Add Florida’s habitual-offender and prison-releasee-reoffender statutes and the sentencing exposure on a third theft conviction is sometimes wildly out of proportion to the underlying conduct. Practitioners in Orange County have reported 23-year-olds with one pre-existing petty theft and a current $480 grocery shoplifting facing a presumptive 5-year prison sentence under enhancements. The math is unforgiving.
The collateral consequences nobody mentions
A theft conviction in Florida is a “crime of dishonesty,” which means a couple of doors close that defendants don’t see coming until they hit them.
– Employment. Florida is an at-will state, and most professional license boards (nursing, teaching, real estate, financial services) treat any theft conviction (felony or misdemeanor) as a basis for discipline or denial.
– Immigration. A theft conviction is generally a “crime involving moral turpitude” under federal immigration law. For non-citizens, even a misdemeanor petit theft can trigger removal proceedings or denial of naturalization.
– Sealing and expungement. A withhold of adjudication on a theft case can sometimes be sealed under Florida law, but a conviction generally cannot. The single most valuable thing a defense lawyer does early in a theft case is fight for a withhold rather than a conviction, even when the plea offer “looks the same” in jail time.
What to do if you’ve been charged
For anyone picked up for a theft offense in Orlando, here is the playbook practitioners would run:
- Don’t give a statement. The loss prevention officer’s “you can go home tonight if you just sign this” is not a thing. The civil demand letter that arrives two weeks later is also not the criminal case. They are separate tracks.
- Don’t pay the civil demand without legal advice. Sometimes paying creates evidence that hurts the criminal case.
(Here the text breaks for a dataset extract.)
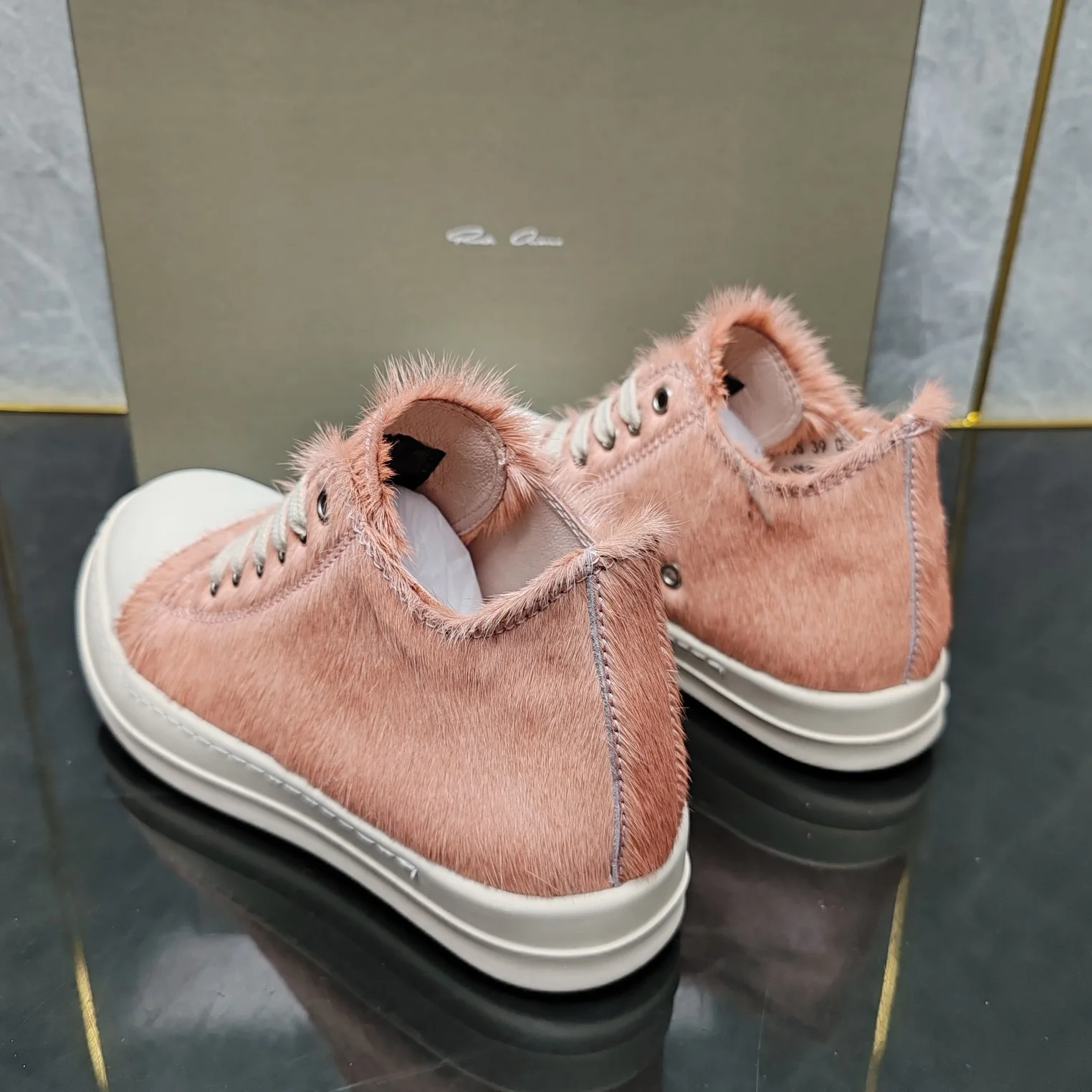 Round Owens horse hair inverted triangle (short hair style) first layer cowhide soft casual shoes high street couple shoes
- Hold the receipt evidence. Surveillance footage, register tape, item value, and anti-theft device status are all contestable. Value in particular can drop below the $750 line on closer inspection.
- Get an Orlando theft lawyer involved early. The team at JPK Law has handled enough Orange County theft cases to spot the negotiating points an out-of-area firm will miss, especially around pretrial diversion eligibility and value disputes. Diversion is real in Orange County, and it is underused.
- Save the phone. Don’t delete anything. The defense often comes from text messages, call logs, and location data that prove the fact pattern wasn’t what the affidavit suggests.
The takeaway
Florida theft law is older, harsher, and more particular than its reputation. The $750 line is closer than people guess, the enhancement statutes are aggressive, and the collateral damage from a conviction outlasts the sentence by years. The good news is that early defense work in Orlando theft cases moves the needle in a measurable way, especially before formal filing. Diversion, withholds of adjudication, and value disputes are the three levers that decide most of these cases. Pull them early, with a working Orlando theft lawyer who knows the local prosecutors, and the trajectory of the case bends.